Aim of the task
Every line from the one containing "Kit Gafas Goggles" to the one containing "Colorful Cocktail Drink" in the records below, both included, must be set down exactly, and no other line.

Saved data entries
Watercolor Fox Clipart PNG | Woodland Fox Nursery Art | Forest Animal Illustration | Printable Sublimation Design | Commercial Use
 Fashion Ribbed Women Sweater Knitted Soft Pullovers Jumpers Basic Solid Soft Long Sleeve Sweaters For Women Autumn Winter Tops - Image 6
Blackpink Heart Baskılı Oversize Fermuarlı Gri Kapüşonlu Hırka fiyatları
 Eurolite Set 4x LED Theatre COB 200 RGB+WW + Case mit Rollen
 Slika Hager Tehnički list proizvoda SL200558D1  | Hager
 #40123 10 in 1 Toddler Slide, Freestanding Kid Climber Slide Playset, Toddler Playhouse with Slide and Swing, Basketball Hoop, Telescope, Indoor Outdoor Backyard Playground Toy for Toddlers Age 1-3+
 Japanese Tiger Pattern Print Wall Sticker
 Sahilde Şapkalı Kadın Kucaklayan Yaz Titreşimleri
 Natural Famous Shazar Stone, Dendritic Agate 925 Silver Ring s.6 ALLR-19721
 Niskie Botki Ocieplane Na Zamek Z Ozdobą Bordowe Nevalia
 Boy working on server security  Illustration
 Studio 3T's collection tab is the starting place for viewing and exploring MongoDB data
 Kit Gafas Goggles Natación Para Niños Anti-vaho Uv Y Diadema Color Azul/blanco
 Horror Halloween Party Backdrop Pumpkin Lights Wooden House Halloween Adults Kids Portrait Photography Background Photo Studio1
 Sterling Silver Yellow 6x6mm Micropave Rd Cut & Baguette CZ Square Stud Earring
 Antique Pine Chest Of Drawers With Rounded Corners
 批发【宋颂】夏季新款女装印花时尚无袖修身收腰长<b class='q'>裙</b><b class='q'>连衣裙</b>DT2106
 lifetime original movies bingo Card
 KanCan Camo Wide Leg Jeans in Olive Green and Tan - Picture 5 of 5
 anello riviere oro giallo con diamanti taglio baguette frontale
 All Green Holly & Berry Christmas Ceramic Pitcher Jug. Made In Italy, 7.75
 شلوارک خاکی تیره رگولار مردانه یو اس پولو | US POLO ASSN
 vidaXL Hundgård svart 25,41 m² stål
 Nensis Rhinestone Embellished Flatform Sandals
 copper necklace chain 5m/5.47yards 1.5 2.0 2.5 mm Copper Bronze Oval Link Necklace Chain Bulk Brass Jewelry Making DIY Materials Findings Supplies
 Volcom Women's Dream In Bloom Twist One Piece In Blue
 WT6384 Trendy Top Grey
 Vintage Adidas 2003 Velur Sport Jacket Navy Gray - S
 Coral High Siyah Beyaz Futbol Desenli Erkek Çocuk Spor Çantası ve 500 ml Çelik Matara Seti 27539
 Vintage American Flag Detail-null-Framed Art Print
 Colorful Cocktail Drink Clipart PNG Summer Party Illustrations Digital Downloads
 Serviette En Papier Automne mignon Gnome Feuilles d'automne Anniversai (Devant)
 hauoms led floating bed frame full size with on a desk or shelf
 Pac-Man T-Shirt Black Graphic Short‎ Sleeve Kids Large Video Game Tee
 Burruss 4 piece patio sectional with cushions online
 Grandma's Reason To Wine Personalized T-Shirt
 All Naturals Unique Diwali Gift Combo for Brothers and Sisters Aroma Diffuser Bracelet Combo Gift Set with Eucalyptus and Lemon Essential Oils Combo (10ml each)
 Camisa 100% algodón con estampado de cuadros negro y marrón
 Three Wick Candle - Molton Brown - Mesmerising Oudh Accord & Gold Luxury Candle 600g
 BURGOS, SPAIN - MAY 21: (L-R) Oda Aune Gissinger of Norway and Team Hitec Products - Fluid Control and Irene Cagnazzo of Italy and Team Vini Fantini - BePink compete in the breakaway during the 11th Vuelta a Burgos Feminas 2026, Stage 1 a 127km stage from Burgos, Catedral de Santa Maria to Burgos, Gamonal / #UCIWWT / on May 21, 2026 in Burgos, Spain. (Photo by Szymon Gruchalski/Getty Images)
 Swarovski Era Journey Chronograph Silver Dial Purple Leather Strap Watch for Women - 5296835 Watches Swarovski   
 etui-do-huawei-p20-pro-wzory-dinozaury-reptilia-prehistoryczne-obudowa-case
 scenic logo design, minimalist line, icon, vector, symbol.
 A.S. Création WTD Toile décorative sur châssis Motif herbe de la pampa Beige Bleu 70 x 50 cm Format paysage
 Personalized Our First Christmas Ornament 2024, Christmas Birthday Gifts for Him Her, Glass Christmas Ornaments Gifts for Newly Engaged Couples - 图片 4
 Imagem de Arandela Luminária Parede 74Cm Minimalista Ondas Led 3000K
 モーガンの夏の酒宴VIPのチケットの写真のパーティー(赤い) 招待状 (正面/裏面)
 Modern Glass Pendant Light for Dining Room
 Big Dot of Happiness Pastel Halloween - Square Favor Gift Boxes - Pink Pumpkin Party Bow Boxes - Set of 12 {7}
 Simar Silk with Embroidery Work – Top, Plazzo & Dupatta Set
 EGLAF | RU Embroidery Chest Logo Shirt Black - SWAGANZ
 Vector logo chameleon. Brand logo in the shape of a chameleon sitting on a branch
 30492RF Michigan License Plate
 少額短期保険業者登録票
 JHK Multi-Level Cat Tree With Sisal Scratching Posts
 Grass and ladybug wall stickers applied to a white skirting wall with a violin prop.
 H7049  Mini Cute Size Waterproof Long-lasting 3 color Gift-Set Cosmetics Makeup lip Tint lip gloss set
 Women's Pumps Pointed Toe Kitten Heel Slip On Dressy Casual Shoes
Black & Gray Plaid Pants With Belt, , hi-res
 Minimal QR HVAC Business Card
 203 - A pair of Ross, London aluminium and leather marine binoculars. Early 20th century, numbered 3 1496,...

Reply to the task
 Kit Gafas Goggles Natación Para Niños Anti-vaho Uv Y Diadema Color Azul/blanco
 Horror Halloween Party Backdrop Pumpkin Lights Wooden House Halloween Adults Kids Portrait Photography Background Photo Studio1
 Sterling Silver Yellow 6x6mm Micropave Rd Cut & Baguette CZ Square Stud Earring
 Antique Pine Chest Of Drawers With Rounded Corners
 批发【宋颂】夏季新款女装印花时尚无袖修身收腰长<b class='q'>裙</b><b class='q'>连衣裙</b>DT2106
 lifetime original movies bingo Card
 KanCan Camo Wide Leg Jeans in Olive Green and Tan - Picture 5 of 5
 anello riviere oro giallo con diamanti taglio baguette frontale
 All Green Holly & Berry Christmas Ceramic Pitcher Jug. Made In Italy, 7.75
 شلوارک خاکی تیره رگولار مردانه یو اس پولو | US POLO ASSN
 vidaXL Hundgård svart 25,41 m² stål
 Nensis Rhinestone Embellished Flatform Sandals
 copper necklace chain 5m/5.47yards 1.5 2.0 2.5 mm Copper Bronze Oval Link Necklace Chain Bulk Brass Jewelry Making DIY Materials Findings Supplies
 Volcom Women's Dream In Bloom Twist One Piece In Blue
 WT6384 Trendy Top Grey
 Vintage Adidas 2003 Velur Sport Jacket Navy Gray - S
 Coral High Siyah Beyaz Futbol Desenli Erkek Çocuk Spor Çantası ve 500 ml Çelik Matara Seti 27539
 Vintage American Flag Detail-null-Framed Art Print
 Colorful Cocktail Drink Clipart PNG Summer Party Illustrations Digital Downloads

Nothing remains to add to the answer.